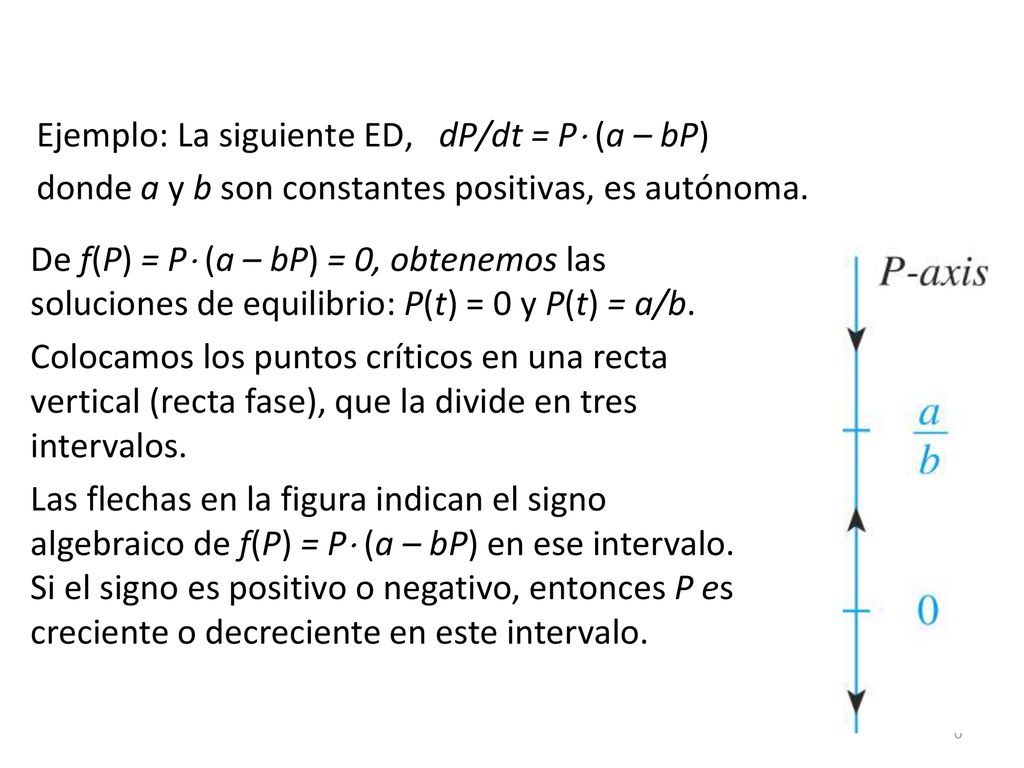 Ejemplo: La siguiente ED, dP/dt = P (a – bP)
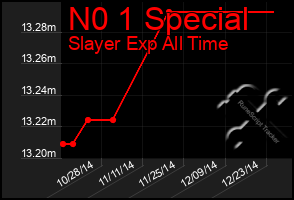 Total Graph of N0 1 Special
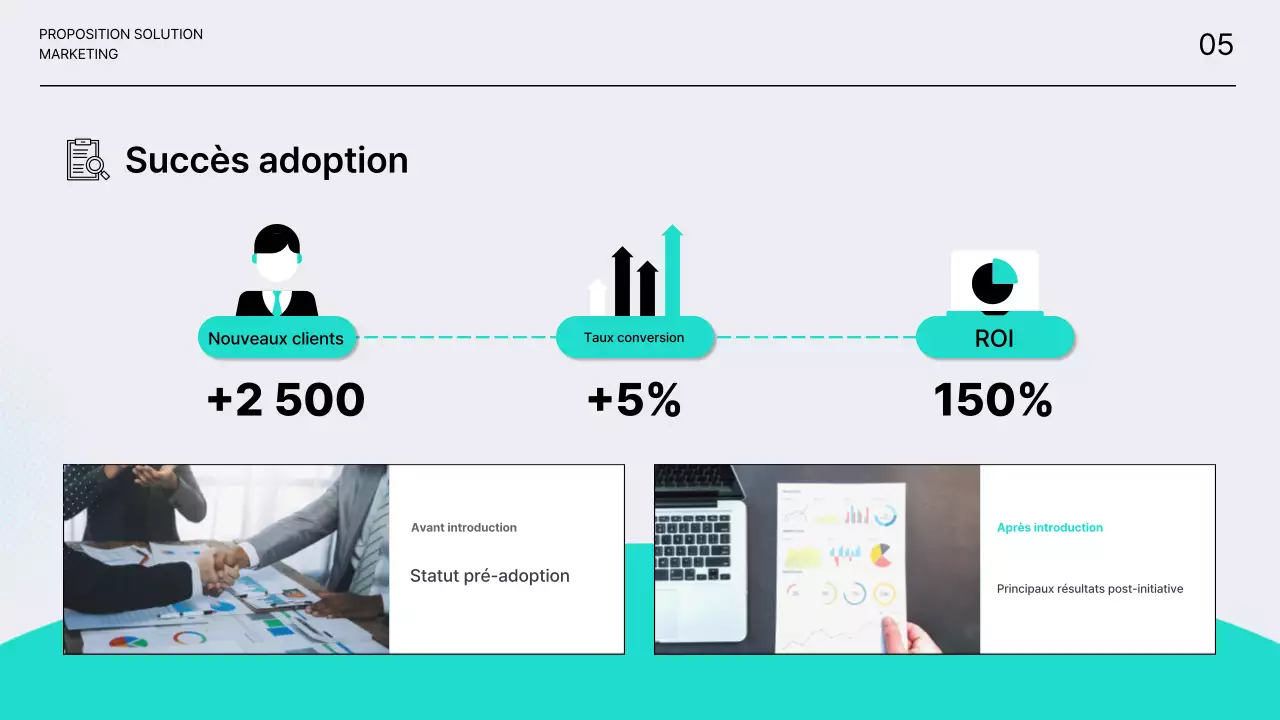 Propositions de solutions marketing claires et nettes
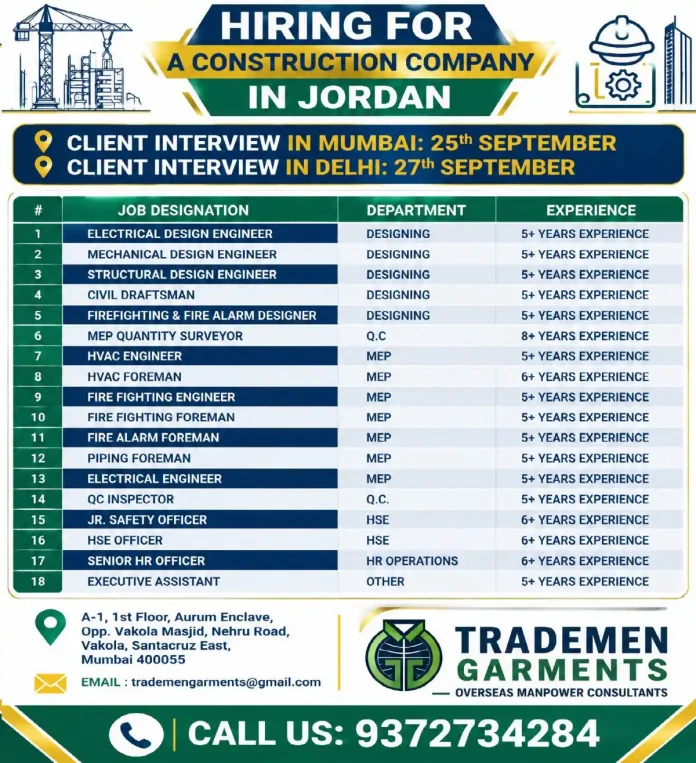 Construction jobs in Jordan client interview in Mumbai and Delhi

***

- What this task involves:
Print every line of the material exactly as written, but drop the pictures.

- Answer:
 Ejemplo: La siguiente ED, dP/dt = P (a – bP)
 Total Graph of N0 1 Special
 Propositions de solutions marketing claires et nettes
 Construction jobs in Jordan client interview in Mumbai and Delhi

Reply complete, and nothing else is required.